64. The Zenith Angle by Bruce Sterling

A fast-paced, enjoyable read by Sterling. Not as heavy as some of his other novels like Heavy Weather, but an enjoyable read. It's about the security of computers and computer networks in the wake of 9/11. Now, reading that, you might think--OK, how do you get an interesting story out of that? All I can say is, Sterling does it by giving us a character who goes to work for the government to help create a fully stable, secure network that is inpervious to outside hacking and attack. And he also shows us the affect this has on our hero and his personal life--to the point that our hero nearly loses his wife and son in his devotion to keeping America secure.

65. The Italian Secretary by Caleb Carr

I'll be honest here--I've never had much use for Sherlock Holmes stories written by authors other than Conan Doyle. So, I have to admit I was a bit skeptical about this one by Carr, though the man is great at creating historical novels. And the estate of Conan Doyle did request that Carr write this novel...so I figured it'd be worth a try. And ya know, it's hit or miss. Carr does a great job of capturing the narrative style and feel of Conan Doyle but the plot doesn't feel like a typical Holmes mystery. I know that Holmes did help the English government on occasion in the stories, but the scope of what Holmes does and the mystery related here are stretch credulity a bit much in my mind. So, if you're gonna read it, read it to have a fun romp with some familiar characters (and Carr does bring in a LOT of Holmes lore) but if you want to see why Holmes is such a beloved and popular character, check out the original Conan Doyle short stories.

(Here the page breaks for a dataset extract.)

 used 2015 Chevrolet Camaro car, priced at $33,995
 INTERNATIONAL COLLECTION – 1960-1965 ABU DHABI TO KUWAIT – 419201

66. Doctor Who: The Tomorrow Window by Jonathan Morris

I stopped regularily reading the eighth Doctor line of BBC novels after the arc in which the Doctor lost his memories and was consigned to Earth for nigh on five books. Basically because I felt as if the books had some opportunities for great storytelling and were passing on them in favor of stories that just didn't quite seem up to snuff as it were. So, this was my first eighth Doctor novel in quite a while...apparently as the series is winding down and preparing to welcome in the ninth Doctor novels. Morris starts out saying that this book is for Douglas Adams, but later tells us it's not intended as a pastiche and that he could never copy Adams' style. Well, for not trying to copy Adams' style, Morris succeeds in doing exactly that..copying the style of Adams. Yeah, it works for the most part and there are some funny moments but the book ends up too episodic in nature and the joke starts to wear thin by half way through. Once the denouncement came, I'd lost much interest in what was happened and why and the running gag of no one mentioning the word Gallifrey to the Doctor gets old fast. Also, it seems as if every Doctor Who novel I've picked up these days has to have this self-aware "old TV show" that is a subtle jab at Doctor Who and its fandom...honestly, can't we get away from this trend?

67. Ilium by Dan Simons

One of the nominees for this year's Hugo award. Simons is well respected around the SF community for his Hyperion novels (which I've never been able to get into them, for what it's worth). Illium is a well done novel that carries on four or five plot threads that slowly come together in an interesting way, just in time to leave you wanting more in the next book. Yes, this is part of a duology and so not everything is concluded or wrapped up here.

68. The Third Secret by Steve Berry

An entertaining, fast paced, quick read that seems a bit more timely since it deals with the death of a Pope and the succession of a new man to the office. Berry's third novel (and the second of his I've read) is a lot better than his first. The plot keeps moving at a crisp pace and the revelation of the deep, dark secret hidden by the Catholic church is nicely done even if you can kind of guess it about 50 pages before our heroes figure it all out.